Step 10: Tag the date
Stick a label on the deck with today’s date and the next service due (12 months from now). Keep the receipt for the parts. The whole exercise — start to finish, mower running — is 30 minutes for a competent home mechanic, an hour for someone doing it for the first time.
Brand-specific quirks worth knowing
- Victa: The Pace Series and Sprintmaster are workhorses but the recoil rope frays around year 5. Replacement rope kit (Bunnings, $12) is a 15-minute job and saves taking it to the shop.
- Honda HRU/HRX: The bullet-proof choice. Almost never need anything but oil/plug/filter. The HRU’s “auto choke” is actually a thermal valve — if it won’t start in winter, the valve is sticking; a tiny squirt of carby cleaner into the choke port fixes it.
- Masport: Kiwi-made, similar reliability to Honda. The Briggs & Stratton-engined ones share parts with Victa.
- Rover Lawn King: Older models had Tecumseh engines (parts increasingly hard to find); newer ones are Briggs & Stratton.
Common faults you’ll diagnose during a service
While you’ve got the mower apart, you’ll often spot the cause of a long-running niggle:
- Won’t start when hot: usually fuel issue — old fuel or a partially blocked carby jet. Carby cleaner spray ($8) into the air intake while cranking often clears it.
- Smokes blue: burning oil — either you’ve over-filled, or the rings are tired. Drain to the correct level first; if still smoking, it’s a workshop job.
- Smokes white/grey: usually fuel mix issue if you’ve been near a petrol station with bad E10 fuel. Drain, refresh.
- Cuts unevenly: blade. Always blade. Sharpen and check it’s not bent.
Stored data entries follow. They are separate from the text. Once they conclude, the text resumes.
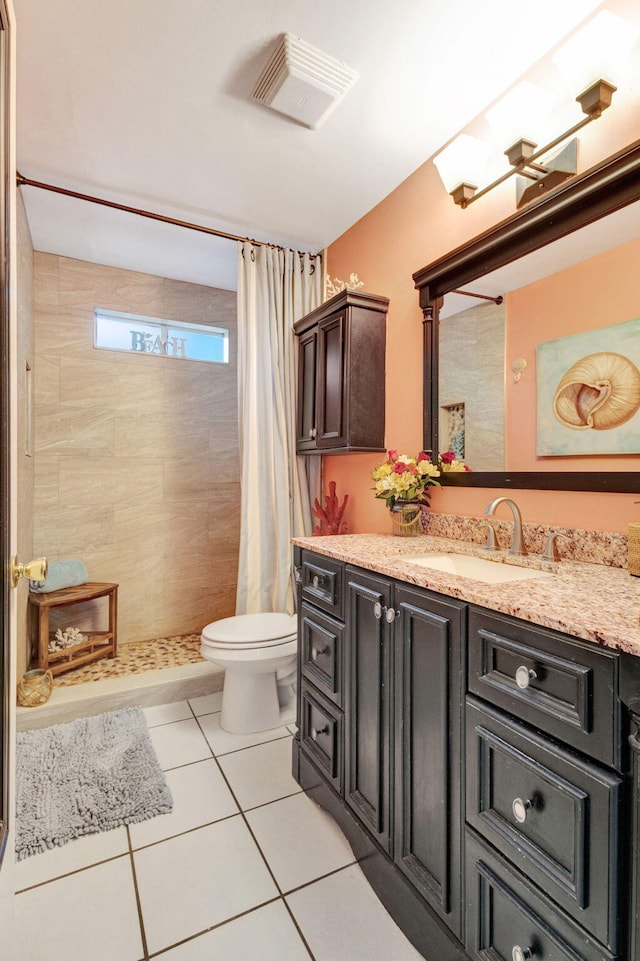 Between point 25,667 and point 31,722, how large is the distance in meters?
0.47

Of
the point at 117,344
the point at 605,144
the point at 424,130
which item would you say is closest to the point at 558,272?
the point at 605,144

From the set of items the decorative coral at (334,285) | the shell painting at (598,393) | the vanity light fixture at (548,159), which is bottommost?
the shell painting at (598,393)

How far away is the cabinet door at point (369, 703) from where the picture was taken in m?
1.31

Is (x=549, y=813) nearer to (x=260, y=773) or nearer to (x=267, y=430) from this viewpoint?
(x=260, y=773)

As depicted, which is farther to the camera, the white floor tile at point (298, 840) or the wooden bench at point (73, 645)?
the wooden bench at point (73, 645)

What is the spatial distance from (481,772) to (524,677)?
27 centimetres

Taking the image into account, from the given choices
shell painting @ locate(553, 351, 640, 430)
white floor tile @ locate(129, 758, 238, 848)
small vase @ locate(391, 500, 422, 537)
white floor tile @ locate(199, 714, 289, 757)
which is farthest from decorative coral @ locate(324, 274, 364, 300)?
white floor tile @ locate(129, 758, 238, 848)

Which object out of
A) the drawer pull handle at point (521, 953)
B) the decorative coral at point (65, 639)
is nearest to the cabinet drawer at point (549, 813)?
the drawer pull handle at point (521, 953)

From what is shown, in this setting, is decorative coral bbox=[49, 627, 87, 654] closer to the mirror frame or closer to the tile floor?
the tile floor

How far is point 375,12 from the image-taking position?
137 cm

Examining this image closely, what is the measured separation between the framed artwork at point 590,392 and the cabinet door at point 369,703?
0.72m

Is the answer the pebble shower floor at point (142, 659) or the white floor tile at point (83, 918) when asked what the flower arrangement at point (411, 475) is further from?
the pebble shower floor at point (142, 659)

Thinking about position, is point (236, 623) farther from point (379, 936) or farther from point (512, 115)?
point (512, 115)

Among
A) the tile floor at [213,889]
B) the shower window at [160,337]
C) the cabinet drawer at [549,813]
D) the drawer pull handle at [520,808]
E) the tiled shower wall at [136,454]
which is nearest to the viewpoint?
the cabinet drawer at [549,813] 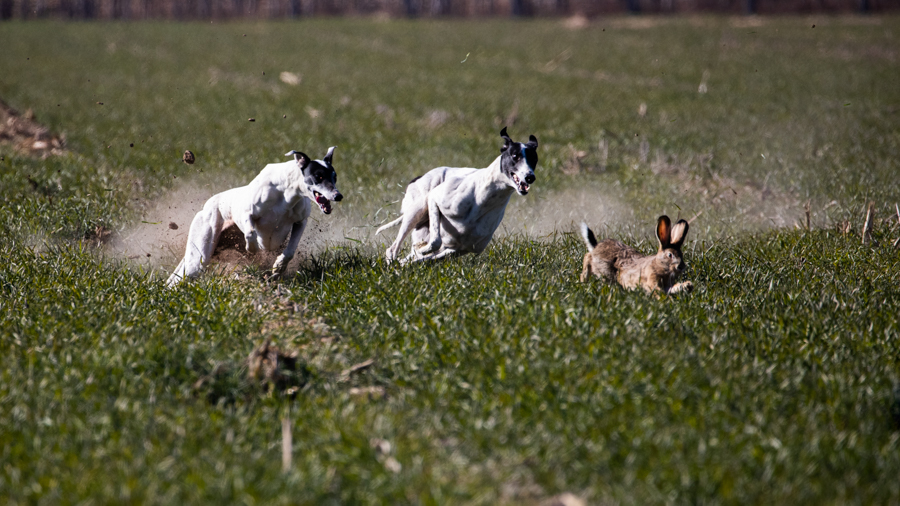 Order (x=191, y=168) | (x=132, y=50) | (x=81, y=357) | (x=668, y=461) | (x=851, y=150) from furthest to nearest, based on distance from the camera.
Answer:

- Catcher won’t fill: grass too wet, blade upside down, or grass build-up under deck blocking airflow.
The Cal rule
Annual service at home for $40 in parts. SAE 30 single-grade for hot Aussie climates beats the US-spec 10W-30 every time. Disconnect the spark plug lead before you touch anything. Get those right and your mower outlives your kids. Mower shops aren’t ripping you off on the mechanics — they’re charging fairly for skilled labour. But the work itself is genuinely simple, and once you’ve done it once you’ll do it every year without thinking.